@McWobble I think the other consideration is whether other steps that will be taken will reduce the R0 sufficiently to make a dent in the numbers. Closing bars and restaurants for example, more social distancing.
What I don't understand is what is Spain and Italy's strategy? Are they hoping a lockdown stops transmission so most of the population never catch the virus or do they expect many millions to catch it and the lockdowns are a tool to flatten the curve and reduce the R0
Like you I would be concerned with a strategy to stop it in its tracks like China. We are at least 12 months from a vaccine. Can countries with high freedom of movement maintain a lockdown or semi lockdown for a year?
I am sure McWobble will come along and give us great answers to your question, but I think the 1) "herd immunity" scenario, which would only have any meaning if 60%+ caught it etc. etc., and 2) flattening curve so demands matching nhs surge capacity scenario, are mutually exclusive. Scenario 1) will likely throw tens if not hundreds of times of patients nhs can handle into their ICUs as I alluded to above. Think this is why many including me are so unhappy with Boris/CMO/CSA's "plan", which hitherto has not done enough to flatten the curve.
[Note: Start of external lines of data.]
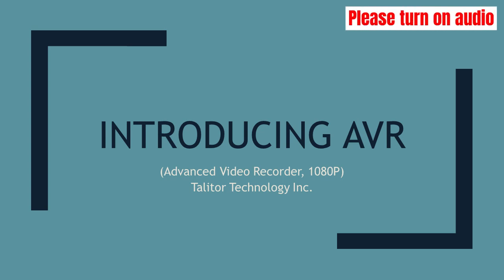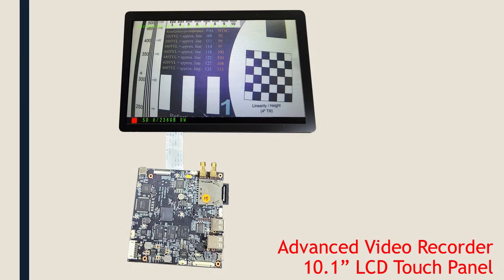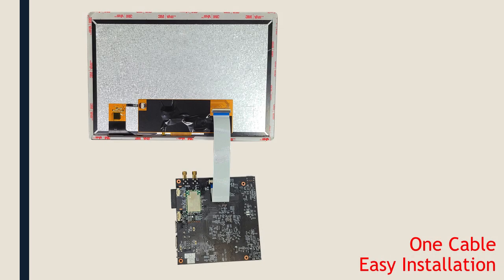This advanced video recorder AVR by Talita Technology is designed for commercial and industrial use. It comprises an advanced video recorder board and an industrial grade 10.1 inch LCD touch panel.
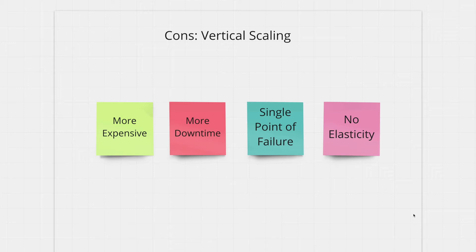Now thousands of your users are being served from this one big and powerful machine. The moment something goes wrong in this machine no users can use it. So you have a single point of failure which is always a bad thing.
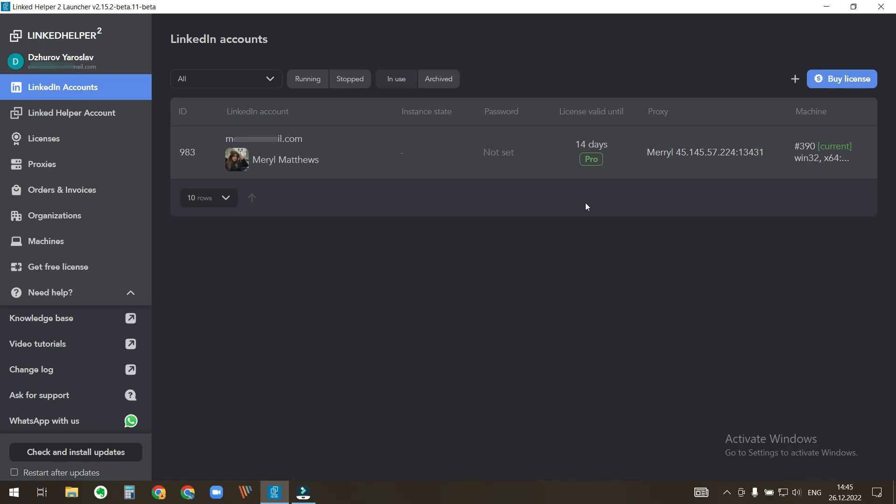With LinkedIn Helper you can run multiple LinkedIn accounts. Firstly, let's add several LinkedIn accounts.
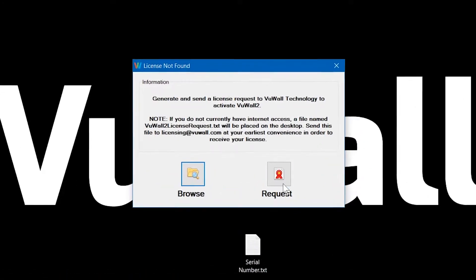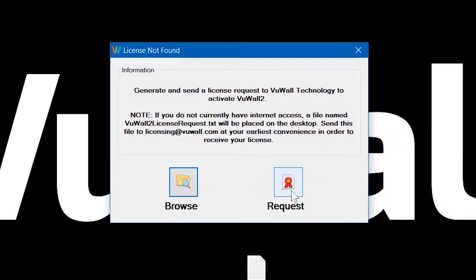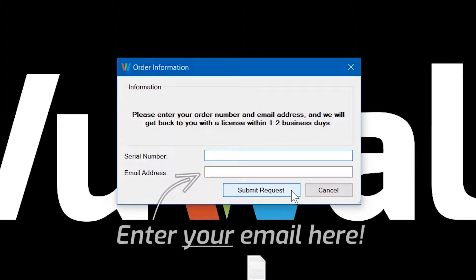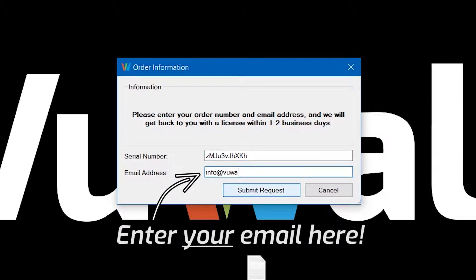We'll request a license using the serial number that was provided to us at the time of our order and an email address where we would like to receive the license file.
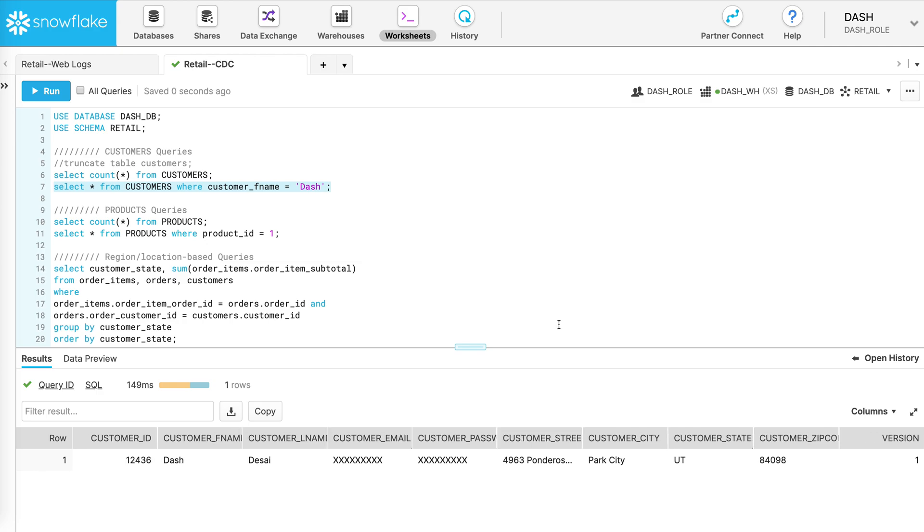Now let's go to the data source and update the address for Dash in Oracle and see what happens.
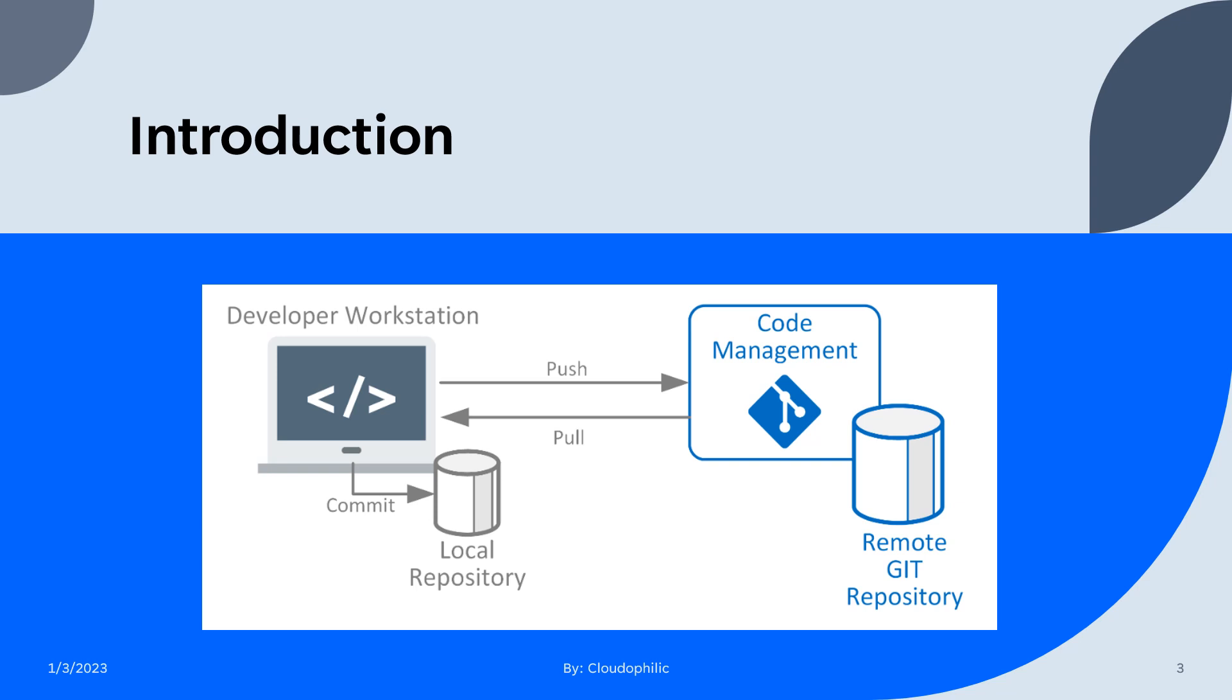Let's see how the flow goes. Here, this is the developer workstation. He can pull the latest changes from the remote repository. Then he can commit his changes. Whatever changes he does, he can commit his changes to the local Git repository. Once he is sure to push his changes to remote Git repository, he can push his changes to the remote Git repository.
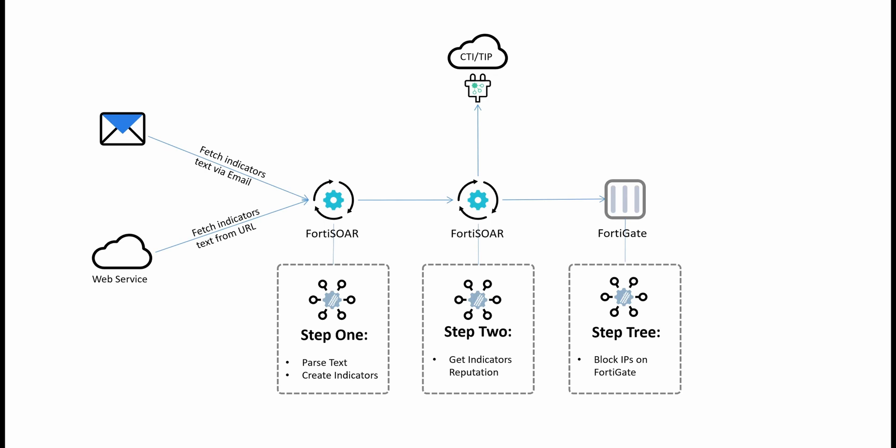Hello and welcome to this new edition of FortiSOR demo scenarios. Today we will see a quite common scenario where organizations are required to keep a list of indicators blocked in their environment.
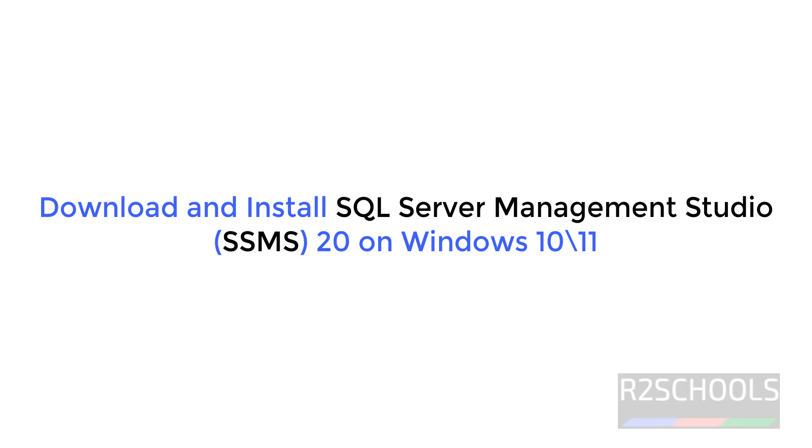Hello guys, in this video we will see how to download and install SQL Server Management Studio latest version that is 20.2 on Windows 11 operating system.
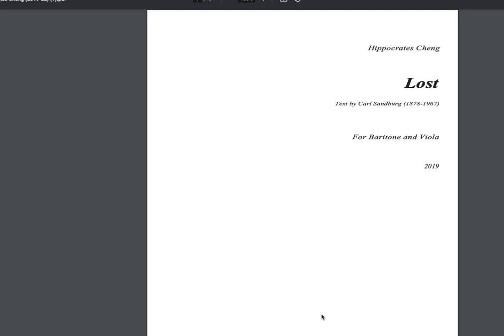This is an attempt to make a little instructional video on this interesting piece of new chamber music by our friend Hippocrates Chen. It's on a text of Carl Sandburg, a very lovely, succinct poem — 'Lost' — which is how the singer may feel upon viewing this score for baritone and viola, and that's why we're making the video today.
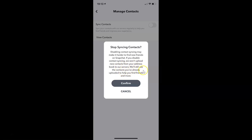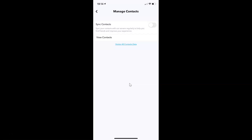The message continues: 'We will still use the contacts you have already uploaded to help you find friends and more.' Just tap on the Confirm button to disable sync contacts. You can see it's now disabled. I like to enable this, so let me tap the toggle and move the slider to the right — it's now enabled. After you're done, you can go back to your main screen.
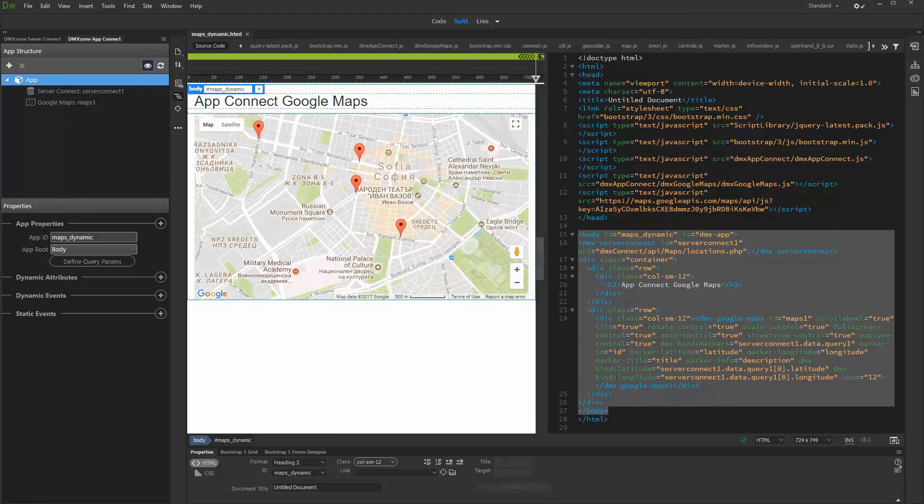That's how easy it is to add dynamic markers to App Connect Google Maps.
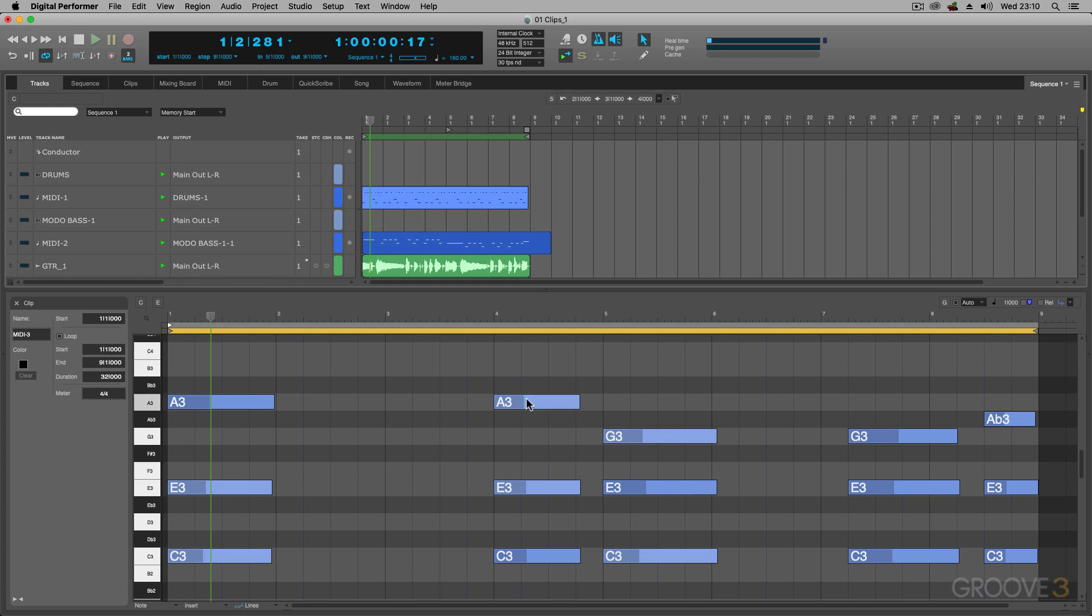Now, in the next video, let's take a look at the new stem exporting feature when you choose the bounce to disk.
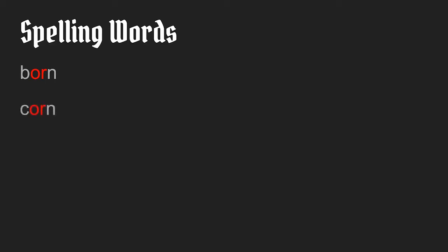The next word is corn. I like to eat corn on the cob. Corn ends the same way and it's spelled the same way at the ending.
I think it is kind of funny that on one hand i) we say people here will not adhere to distancing restrictions like that in Korea, and it is a reason why we should accept 60%+ catching it in a wave so that we can be immune happily after, while on the other hand ii) the latter requires putting the elderly and ill young in much much stricter isolation for months, because with i) the vast majority of the population remains uninfected hence inevitable carelessness are unlikely to infect - only 0.17% of Hubei are infected e.g., while for ii) the vulnerable will be living amongst everybody who are either infected or to be infected and none of them would know who's still infectious but they are all around them. If i) won't work here, why would ii)?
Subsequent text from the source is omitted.